Anarchy: Crowley’s “do as thou wilt.”
Study: Cass describes this as “Find all the truths” and conveniently lines up with Robert Graves. As if finding all the truths would actually be possible.
Fight: Includes finding out things but only where relevant.
Manipulate: Technically playing all of these off against each other instead of allowing them to act in concert.
I tentatively think we can map them onto the Strauss–Howe model:
Prophet/Manipulate
Nomad/Study
Hero/Fight
Artist/Anarchy
However the Maiden/Mother/Crone model lacks a generation, and Persephone seems to sit strangely. Anarchy was her choice but it is not quite representative of Persephone’s stated role of Mother. Perhaps because the proposed fight was not the right one? As The Destroyer she was fighting. We know she occasionally gets to fight back against Ananke over the course of history. Maybe she is still on the cusp? Indeed Persephone as a mythic archetype is always on this cusp. She is forever defined by the moment of her abduction. She brings the secret of life and death. She is a transitional deity.
Demeter is the missing piece of the puzzle. Demeter breaks the MMC model open and exposes it as wrong.
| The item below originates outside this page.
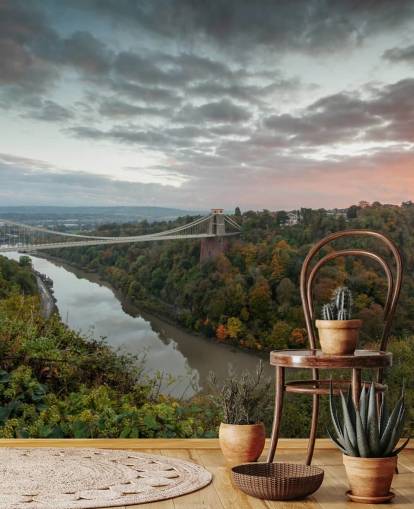 Efterårstid på Bristol Bridge Vægmaleri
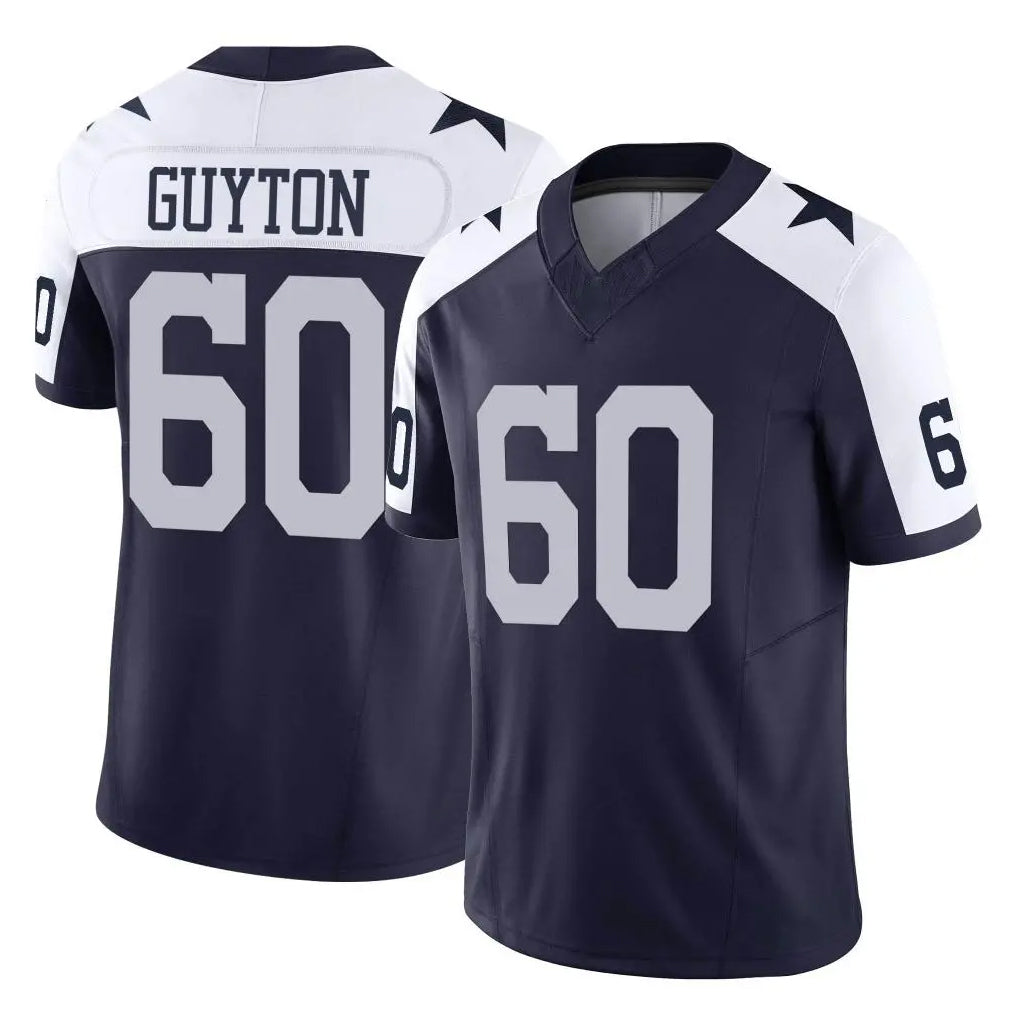 D.Cowboys #60 Tyler Guyton Player Navy-White Limited Alternate Vapor F.U.S.E. Home Game CAdoa Stitched Jerseys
She is the mother of the maiden become nubile. Persephone/Demeter/Hekate always missed the obvious. Before her abduction Persephone is just called Girl. Girl is the Maid not Persephone. Persephone is the cusp between childhood and adulthood. Persephone is Nubile but she isn’t Mother. This brief cusp is what the modern world would call the young adult or teenager. This was but a moment in much of history but the modern world has turned it into something much longer.
The rules in Wikdiv were made when there were only three roles, but the myth of Persephone was an innovation that occurred during ancient history and that role has only expanded since.
In Wikdiv terms, the Eleusinian Mysteries (Persephone myth cycle) are generally considered to have been created somewhere on the page of #36 that starts in 1657BC in North America and ends in Hattusa in 1197BC. Perhaps around this period Persephone created them and turned her single role into a potential two. But this new cuspid role only really became an actual role in modern times. Leaving us with:
Prophet/Manipulate/Crone/Baby Boomers/Ananke
Nomad/Study/Mother/Persephone
Hero/Fight/Teenager-Young Adult/Millennials/Persephone
Artist/Anarchy/Maiden/Post-Millennials/Minerva
Suddenly the contest is even for the first time in history. Persephone gets to be Mother and Nubile. Persephone choosing anarchy could be a potential winning move, encroaching upon the only remaining battlefront now that Ananke is dead. A battle for the future. A battle to break the cycle and claim the youth.